I am using the Cython pip package to speed up the performance of my Pandas operations.
However, I encounter a ChainedAssignmentError due to a discrepancy in reference counts between Cython and standard Python code. When running the following Cythonized script:
import cython
import pandas as pd
import sys
def main():
df = pd.DataFrame({"A": [1, 2, 3]})
df["A"] = df["A"].astype(object)
return df
I get this warning:
FutureWarning: ChainedAssignmentError: behaviour will change in pandas 3.0!

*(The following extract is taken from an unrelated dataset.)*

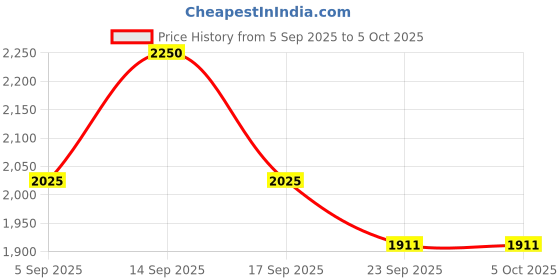 myntra.com AUTUMN LANE Elixir Rose Printed Co-ord Set autumn lane Price History Graph from 5 Sep 2025 to 5 Oct 2025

You are setting values through chained assignment. Currently this works in certain cases, but when using Copy-on-Write (which will become the default behaviour in pandas 3.0) this will never work to update the original DataFrame or Series, because the intermediate object on which we are setting values will behave as a copy.
The same code runs fine using regular Python
I can hide the warning but that's not ideal because it will break when python 3.0 is released.

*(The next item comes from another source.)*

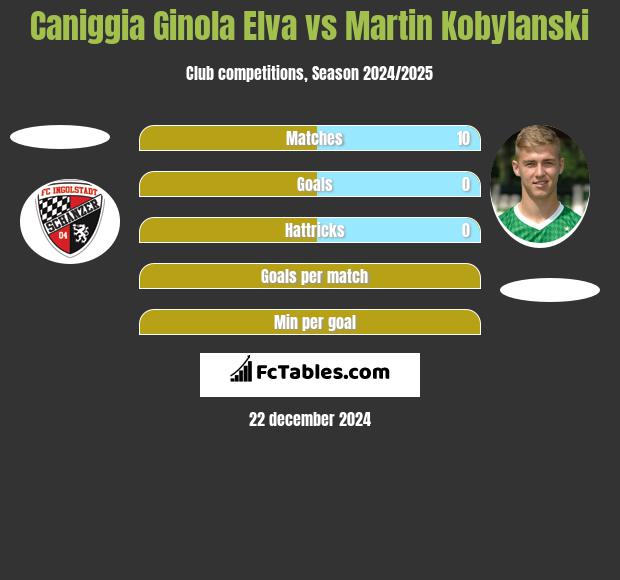 Caniggia Ginola Elva vs Martin Kobylański h2h player stats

The issue stems with how pandas checks for ChainedAssignment,
pandas checks for the number of system references, but cythonised code has 1 less reference by default,
you can see this by calling sys.getrefcount(df) in cythonised vs uncythonised code,
You can also see it happen by adding this code before calling astype, this extra reference will make the code pass without raising the warning
references = [df]
Does anyone know a way a - fix this internally b - alert the pandas team since their user guide says they support Cython
To reproduce
pip install Cython
from setuptools import setup
from Cython.Build import cythonize
setup(
ext_modules = cythonize("run.pyx")
)
python setup.py build_ext --inplace
import run
run.main()
For reference, the ChainedAssignmentError
is to warn you about cases like this:
df["A"][0:3] = 10
where you're essentially doing some_temp[0:3] = 10
, which currently changes df
but won't in the future.
I can hide the warning but that's not ideal because it will break when python 3.0 is released.

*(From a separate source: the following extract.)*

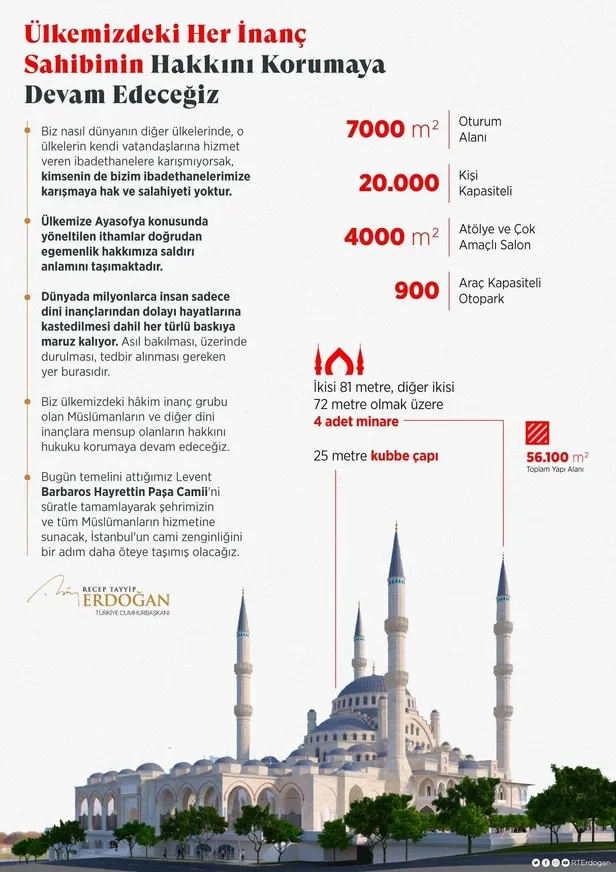 Son dakika: Başkan Erdoğan'dan Levent Camii temel atma töreninde önemli açıklamalar!-2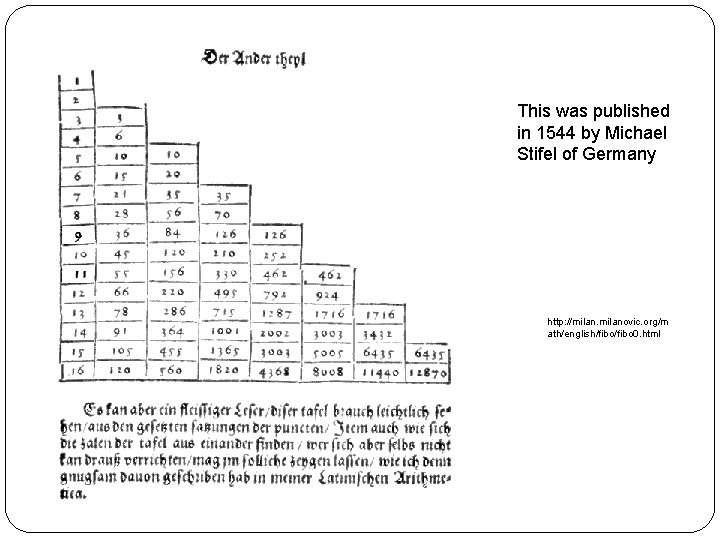 This was published in 1544 by Michael Stifel of Germany http: //milanovic. org/m ath/english/fibo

Does anyone know a way a - fix this internally
I don't think there's a way to fix it except by silencing the warning.
b - alert the pandas team [...]
The other point to make is: this kind of code isn't the sort of code that Cython will accelerate much because it's just a bunch of Python-style calls to Pandas. The examples in their documentation for using Cython are very much about fast access to individual array elements. So for the code you show, you may not be achieving much by compiling it in Cython. It's possible you have other code that does benefit though.